In article <6CDFE6FE-CE6C-461D-BB95-18C2A86CB75F at attacklab.net>,
John Fraser <markdown-discuss at six.pairlist.net> wrote:
>
>On Feb 29, 2008, at 10:13 AM, Michel Fortin wrote:
>
>> I think the syntax needs to be defined unambiguously, not
>> necessarily as a formal grammar, but certainly not with code either.
>> My idea, currently, is to write a parsing procedure which is easy to
>> read and implement in various ways, using a formal grammar to define
>> various constructs of the syntax and plain english to link things
>> together.
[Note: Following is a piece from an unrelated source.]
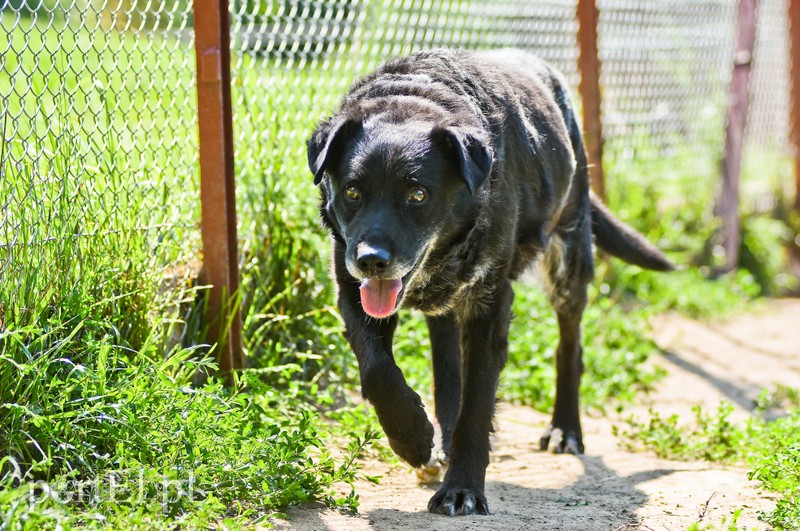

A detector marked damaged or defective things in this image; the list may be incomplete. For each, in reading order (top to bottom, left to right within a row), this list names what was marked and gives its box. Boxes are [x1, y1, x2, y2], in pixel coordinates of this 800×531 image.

rusty metal post [194, 0, 244, 382]
rusty metal post [580, 0, 604, 202]
rusty metal post [720, 0, 756, 274]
I also intend to keep the spec implementable as an
>> incremental parser, but that will require backtracking.
>
>
>I agree that Markdown needs to be defined unambiguously, but I don't
>think that's feasible with plain English in the loop. For something
>as complex and flighty as Markdown, we need working code.
I'm not so sure about this. I managed to write a markdown
implementation without using anything other than the daring fireball
syntax document and MarkdownTest_1.0. And I am by no means a
Perl programmer.
If it's possible to write a Markdown (that passes MarkdownTest) with
the current documentation, describing it in plain english isn't as
difficult as it might seem. And plain english has the advantage
that it doesn't require knowledge of the implementation language to
understand the document.
-david parsons
On Mar 1, 2008, at 1:19 PM, david parsons wrote: >> I agree that Markdown needs to be defined unambiguously, but I don't >> think that's feasible with plain English in the loop. For something >> as complex and flighty as Markdown, we need working code. > > I'm not so sure about this. I managed to write a markdown > implementation without using anything other than the daring > fireball > syntax document and MarkdownTest_1.0. And I am by no means a > Perl programmer. Okay, but I'd argue that your success had a lot more to do with the test suite than the syntax document. I'll admit it: I'm probably more suspicious of paper specs than I should be. But I can't help thinking that (1) any natural-language Markdown spec will have holes; (2) any test suite will have littler holes; and (3) the most popular implementation will always be the de facto standard. My JavaScript port of Markdown needs to match up perfectly with a server-side version in order to be useful, so I'm probably a little more sensitive to underspecification than most. But a spec's not worth much if implementations aren't interchangeable. And since Markdown has to continue silently when it gets confused, we'd need to define all the corner cases completely -- or risk locking users into a particular reading of the spec. I'm all for writing a specification, but I think its purpose should be to inform and to justify a reference implementation and test suite. - John Fraser
On 1 Mar 2008, at 19:19, David Parsons wrote: >> I agree that Markdown needs to be defined unambiguously, but I don't >> think that's feasible with plain English [...] > > I'm not so sure about this. I managed to write a markdown > implementation without using anything other than the daring > fireball > syntax document and MarkdownTest_1.0. And I am by no means a > Perl programmer. And no offense, but there must be hundreds of edge-cases where your implementation disagrees with Markdown.pl. Have a look e.g. at http://six.pairlist.net/pipermail/markdown-discuss/2006-August/000151.html for some edge cases related to nesting block elements, where the outcome is ambiguous, and I am quite sure there are no tests, as Markdown.pl generates bad HTML for most of them. A formal grammar defines _exactly_ how things should be, as I argue here http://six.pairlist.net/pipermail/markdown-discuss/2007-August/000746.html where I also show how Markdown.pl presently has unintuitive precedence which is definitely not defined in the syntax document and something I doubt is in the tests (as the behavior to me is unattractive, but stems from how Markdown.pl is implemented, and thus most of the ports as well). The problem so far has been that the formal syntax normally used to define grammars does not support Markdown?s notion of embedding, but as mentioned here http://six.pairlist.net/pipermail/markdown-discuss/2008-February/001002.html I have had some success with a rule-based implementation that uses a stack for aggregating rules that needs to be applied to the current line before it is handed to the regular parser -- this allows a specification without code and which is unambiguous to edge-cases since the rules are exhaustive, unlike a document written in English. Though without changing a lot of edge-case behavior, I find it hard to see Markdown using such rule-based implementation, so personally I am favoring a new Markdown-inspired language.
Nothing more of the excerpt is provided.